Overview of Shareholder and Stakeholder Perspectives

  • Concepts Introduced: Shareholder primacy vs. stakeholder engagement in business management.
  • Milton Friedman's Perspective: Managers act as agents of shareholders, focusing solely on increasing shareholder value.
  • Emerging Trend: Shift towards stakeholder approach—managers creating value for all stakeholders, not just shareholders.

Shareholder Primacy

  • Definition: The principle that the primary responsibility of a business is to maximize returns for its shareholders.
  • Major Arguments:
    • Shareholders are the primary investors and deserve a return on investment.
    • Managers are agents that handle investments given by shareholders.

Stakeholder Approach

  • Definition: A holistic view that considers impacts on all stakeholders, including employees, customers, suppliers, and communities.
  • Emerging Perspectives:
    • Business operations affect various groups, and managers have a duty to consider these impacts.
    • The importance of building relationships with stakeholders for sustainable success.
  • Key Consequences:
    • Creates potential conflict as shareholders demand heightened attention while other stakeholders also vie for consideration.
    • Influences managerial strategies and decision-making.

Definitions and Classifications of Stakeholders

  • Stakeholders: Any individuals or groups adversely affected by a firm's decisions, including:

    • Employees
    • Customers
    • Suppliers
    • Communities
    • Government entities
    • Shareholders and creditors.
  • Stake Categories:

    • Interests: Affected by decisions without necessarily having ownership rights.
    • Rights: Legal or moral claims to a specific outcome from decisions made.
    • Ownership: Legal titles or shares in a company’s assets.

Stakeholder Mapping and Analysis

  • Purpose of Stakeholder Mapping: To visualize and strategize how to engage with various stakeholders.
  • Common Classification Systems:
    • Primary vs.
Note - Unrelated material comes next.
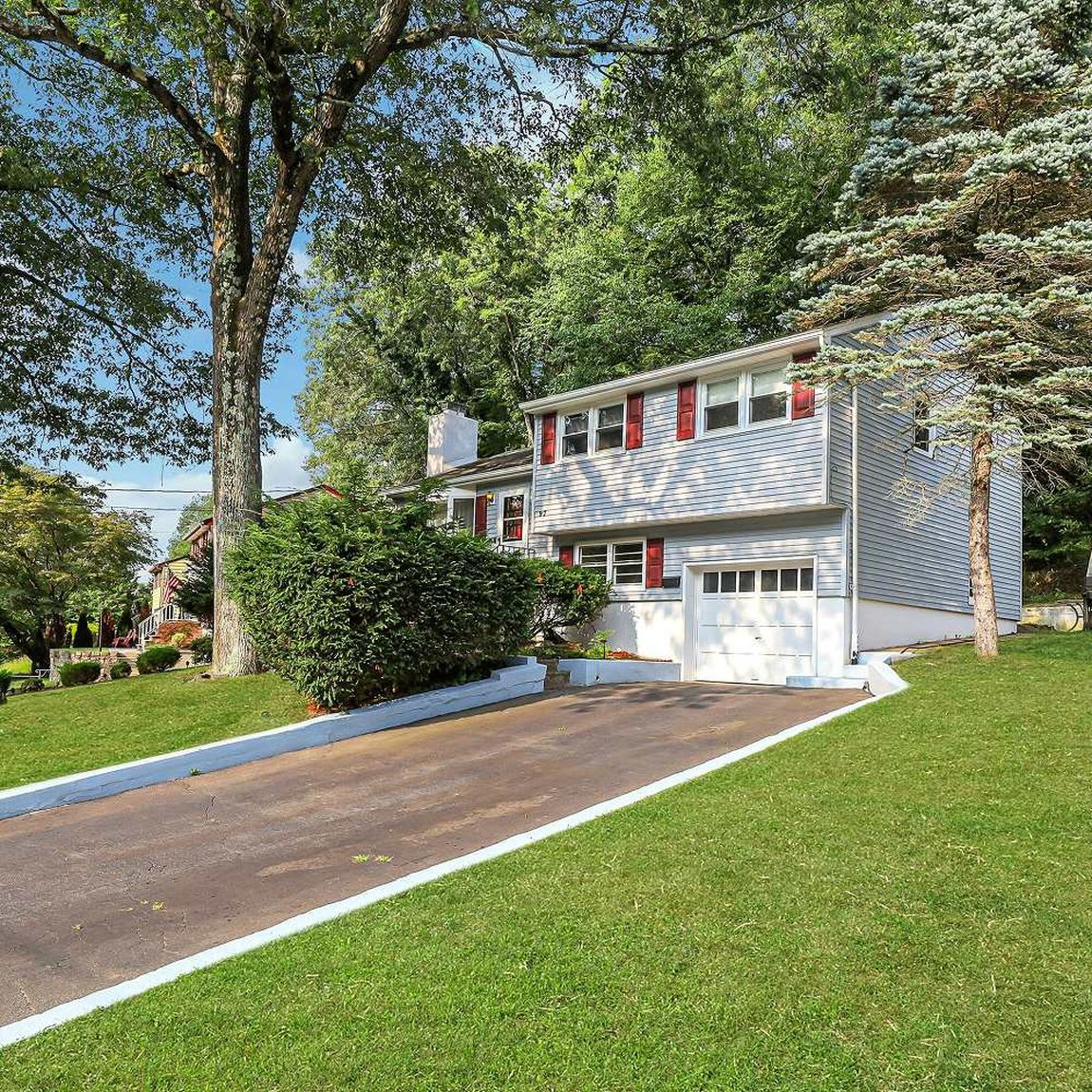 Skylands Real Estate Team in Wyckoff, NJ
Secondary Stakeholders: Those directly involved with economic transactions vs. those with influence but not directly engaged financially.
    • Normative vs. Derivative Stakeholders:
    • Normative Stakeholders: Those who voluntarily engage in mutually beneficial cooperation.
    • Derivative Stakeholders: Those who could be impacted but are not actively recognized by the firm.
    • Market vs. Non-Market Stakeholders: Focus on either economic transactions or societal impacts.
    • Internal vs. External Stakeholders: Dividing stakeholders based on their connection to the organization.

The Stakeholder Map Example: Tim Hortons Restaurant Franchise

  • Stakeholders Identified:
    • Creditors and Lenders: Financial stakeholders influencing business operations.
    • Local Charities: Benefiting through community support initiatives.
    • Employees: Impacted by organizational decisions.

Importance of Stakeholder Analysis

  • Strategies for Engagement: Understand and evaluate stakeholders based on levels of interest and power to improve decision-making.
  • Potential Outcomes:
    • High power, high interest stakeholders require close management; high power, low interest stakeholders must be satisfied; and those with low power, low interest should merely be monitored to avoid unforeseen consequences.
  • Illustration of Transition: Stakeholders can shift from low power and interest to high power and interest unexpectedly.